This sadness, which I will define as a building ennui resulting from the fact that a part of my life is changing and I am powerless to stop it, has grabbed a hold of me of late. This time though I did not fight it. At all. Not one little bit. There has been something strangely comforting about it. It felt like a thing I needed to go through. It is hanging around, like a friend keeping you company when you are sad, waiting with you until you fall asleep. And believe me, sleep I have been partaking of, most nights between ten and twelve hours. This is all about my parents and their current state. I cannot and will not go into details. Before you ask I will tell you that they are fine. I am fine too. I have crumbled under the weight of pressure and reality. I would normally want to deny this to myself and certainly not want to share it. But I am sharing it because I think it is important for me to realize that it is okay to not be the rock all the time. Human frailty can be a beautiful and important thing after all, both to our minds and to our hearts.
Barb has always said that one of the things she has admired about me is that I do not go there twice. We have talked about this before in the blog and I have been blissful and grateful at my ability to stay in the moment, feel the pain and resume joy. I had much joy during the holidays but I went there. Went there and stayed there. I handled it by not fighting it. I handled it by letting it take me where it wanted me to go. I move in slow motion doing things at a new pace. Christmas just came down yesterday. Very late for me. But I was enjoying the sparkling lights, the otherworldliness of the holidays, the heightened love and excitement. My sadness was capped off on New Year’s day when we learned that my Dad’s sister Jeanette had died. She had been suffering and she was not really in this world anymore and so it was somewhat a relief, albeit a painful one for her family. My parents wept for her, for all their long gone pals and families, and for the passage of time. My Dad’s family of ten siblings is now down to four. Two men, two women in their 80’s and 90’s. What a wonderful thing that is, right? I know it is.

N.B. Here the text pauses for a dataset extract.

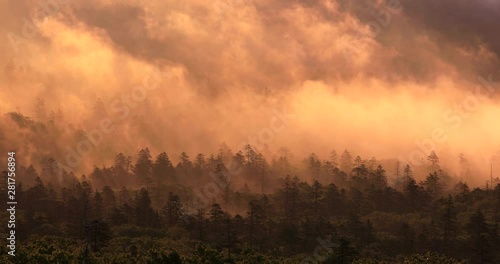 Forest in fog at sunrise, Koshimizu, Hokkaido, Japan photo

Still, I sat in my sadness in that brand new year, knowing with full assuredness that the sadness would end, because I know who I am in reality and I know that this is simply a path that I had to go down. I went there without protest, tossing breadcrumbs along the way.

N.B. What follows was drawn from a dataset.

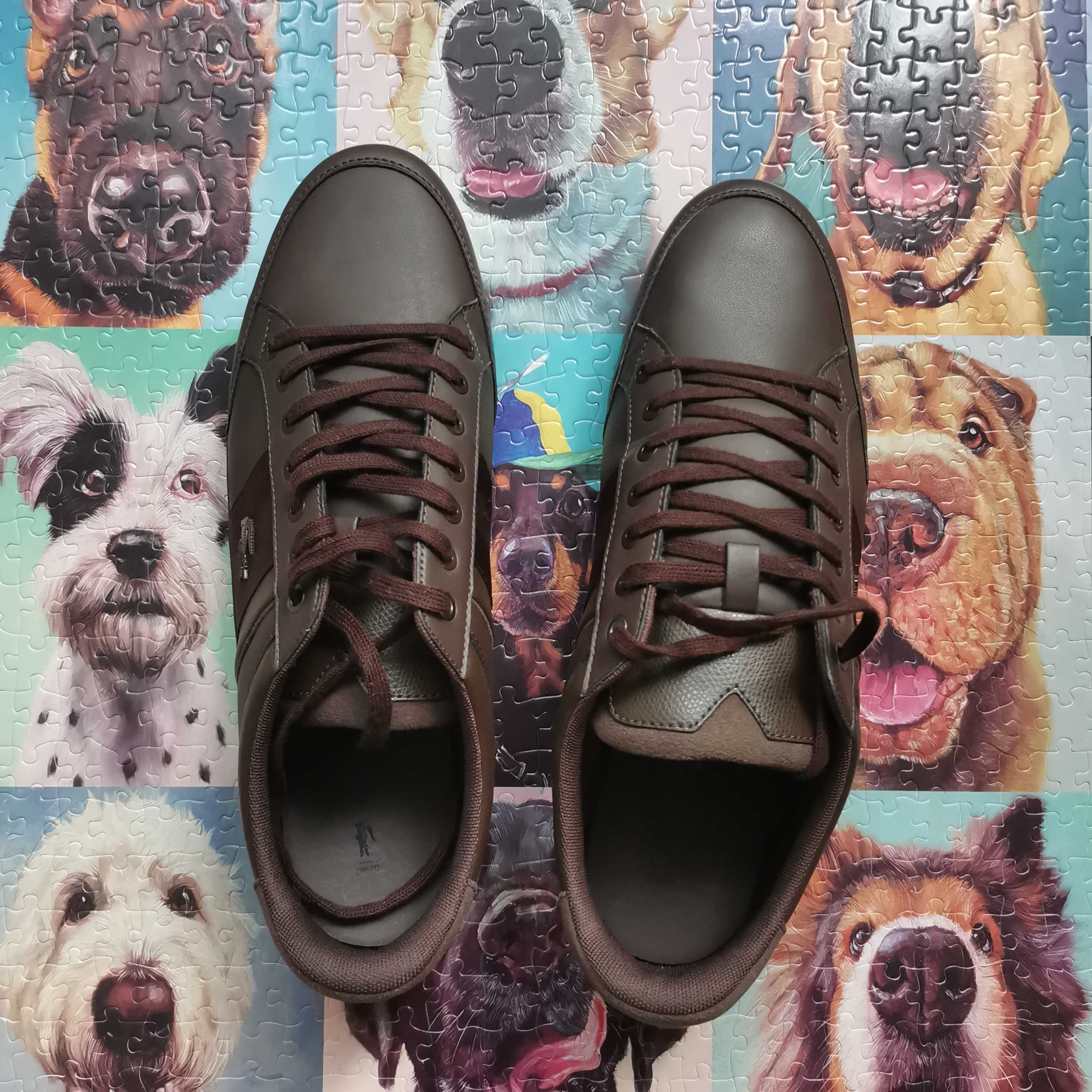 Sapatos Lacoste Chaymon 119 2 CMA castanho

The crumbs that lead me home were the following. My dear darling friend Cheryl sent me a photo from a year ago with me and Dad on New Year’s Eve laughing our exact same laugh with the caption, “THIS is who you are!” My husband accepted my quiet journey with his usual gentle loving way, helping me, supporting me and cooking for me! Barbara and I had lunch with Souzan, a valued member of our blog family who happened to be in town, and her intelligent elegant open spirit gave me a huge boost. She has no idea how the timing of her visit contributed to my soul. Well, I guess she does now actually!
And just as the final decoration was coming down from the tree, the florist arrived with the most beautiful white orchid to grace our now toned-down surroundings. It was from my parents and the card said, “To the nicest, happiest couple we know. Love, Mom and Dad”. These were welcome breadcrumbs! So after a somewhat rough day yesterday, I decided to challenge myself today to something I have only ever done twice in my life. I decided to read a book in a day. Now to be honest it was only 200 pages, but to be frank, I feel like I have just conquered the world. The meaning of the book was deepened for me as it was a Christmas gift from a dear friend who is facing this week the second anniversary of her husband’s death, an anniversary that falls on our wedding anniversary. The book is about Paris and about love and about loss. It is called Paris A Love Story. As I relished every page, it reminded me of our own family trip to Paris when the boy was twelve. I thought of our darling friend Sean’a and her and her husband’s recent Christmas trip to Paris, the daily diaries of which were some of my favourite parts of the holidays. So I sat down to read this morning and, as I picked up the book, I saw a phrase I had scrawled on a piece of paper. It was the title of this blog that I had yet to write based on my behaviour towards life these last couple of weeks. It said, “Be tender with yourself”, which is a choice I made when I realized I was increasingly sad and overwhelmed. A few pages into the book, the author, reeling from sadness, said she decided “to be kind to herself”. And there we are.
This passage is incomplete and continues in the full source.